Features and labels, data types in data analysis

- Numerical data
- Categorical data (nominal, ordinal)
- Text data for NLP
- Media data - image, video, voice/speech

<details>
  <summary> Engagement strategies for using pandas library, reading files and data blending </summary>

:exclamation: This might be the first time the students will use a Python library.

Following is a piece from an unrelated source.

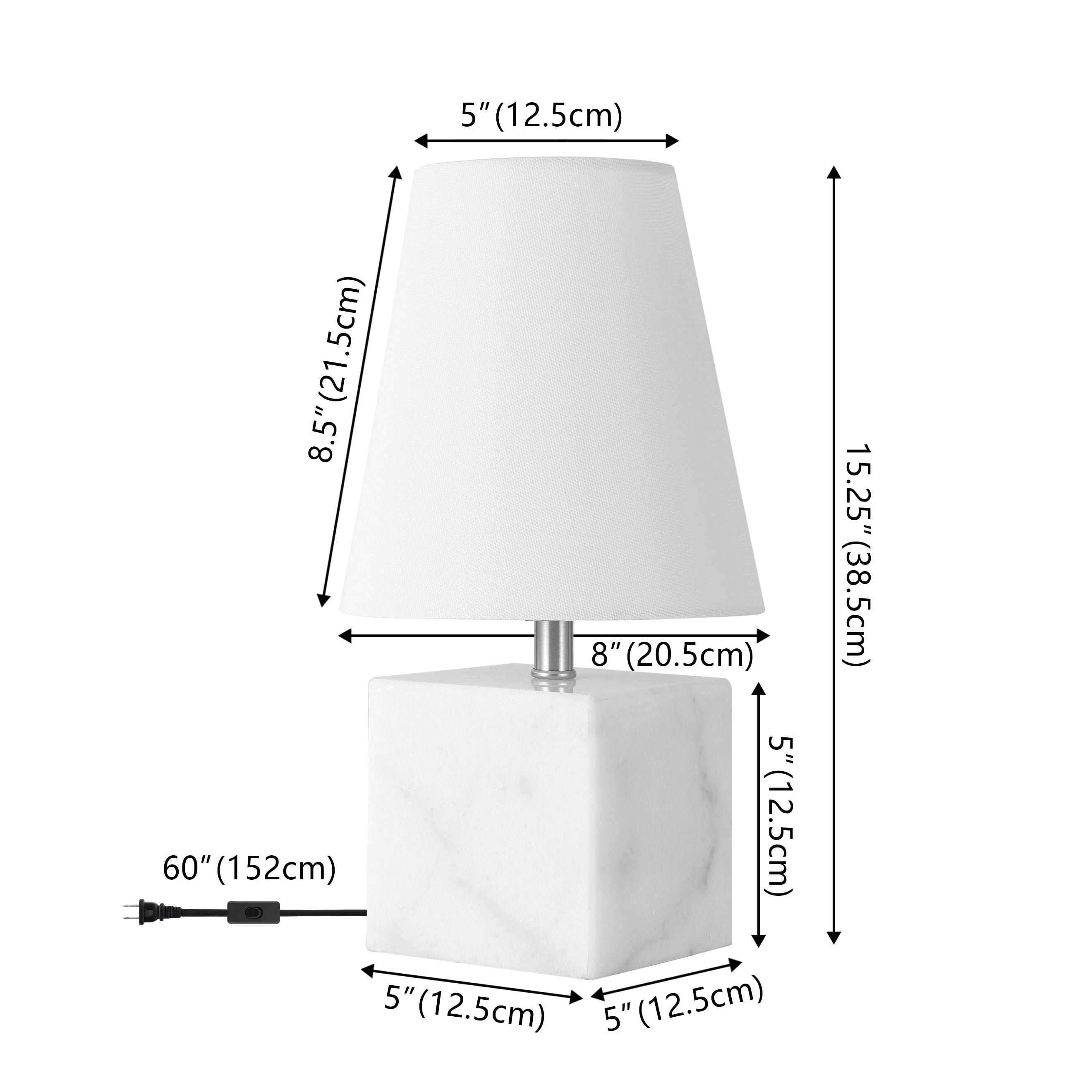 Safavieh Lou 8" Mid-Century Marble Table Lamp, White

> Give an introduction to the library, aliasing, keywords, methods available.
> Open the files using a text editor and show the students how the files are stored based on the file extensions. Ex. the difference between files such as `CSV`, tab-separated values, pipe separated values, etc.
> We are using 4 files in this lesson. Show the students how to use `concat` with 2 files (as you will see in the following Code Sample, you can use `file1.csv` and `file2.txt`), and ask them to read and `concat` the other two files themselves as hands-on practice.
> At this stage it is important to move slowly as the students would be fairly new to using Python libraries. Emphasize the importance to go through the documentation for different functions, etc. At different stages, it is also important to emphasize that the students should play around with the code and analyze the changes in the output.

</details>

- Reading data into Jupyter and data cleaning operations in Python using pandas and NumPy:
  - Introduction to pandas
  - Reading flat files and data blending
  - Standardizing, renaming headers

In [2]:
import pandas as pd  # explain keywords are highlighted in green, other strings in red, etc.
import numpy as np

# Reading data
file1 = pd.read_csv('./files_for_lesson_and_activities/file1.csv')
file1.head()
file2 = pd.read_csv('./files_for_lesson_and_activities/file2.txt', sep = '\t')  # Show them to read and concat 2 files , other two will be done by students

In [4]:
# Data blending
column_names = file1.columns
data = pd.DataFrame(columns=column_names)
data = pd.concat([data,file1, file2], axis=0)
data.shape

![Diagram for concatenation](https://education-team-2020.s3-eu-west-1.amazonaws.com/data-analytics/1.3+-+Axes+Explain+-+Data.jpg)

In [6]:
data.columns

Index(['CONTROLN', 'STATE', 'GENDER', 'HV1', 'IC1', 'IC4', 'HVP1', 'IC5',
       'POBC1', 'POBC2', 'IC2', 'IC3', 'AVGGIFT', 'TCODE', 'DOB', 'DOMAIN',
       'TARGET_D'],
      dtype='object')

In [7]:
# Standardizing header names
cols = []
for i in range(len(data.columns)):
    cols.append(data.columns[i].lower())
data.columns = cols

# renaming columns
data = data.rename(columns={ 'controln':'id','hv1':'median_home_val', 'ic1':'median_household_income'})

In [8]:
# Standardizing header names
cols = []
for c in data.columns:
    cols.append(c.lower())
data.columns = cols

# renaming columns
data = data.rename(columns={ 'controln':'id','hv1':'median_home_val', 'ic1':'median_household_income'})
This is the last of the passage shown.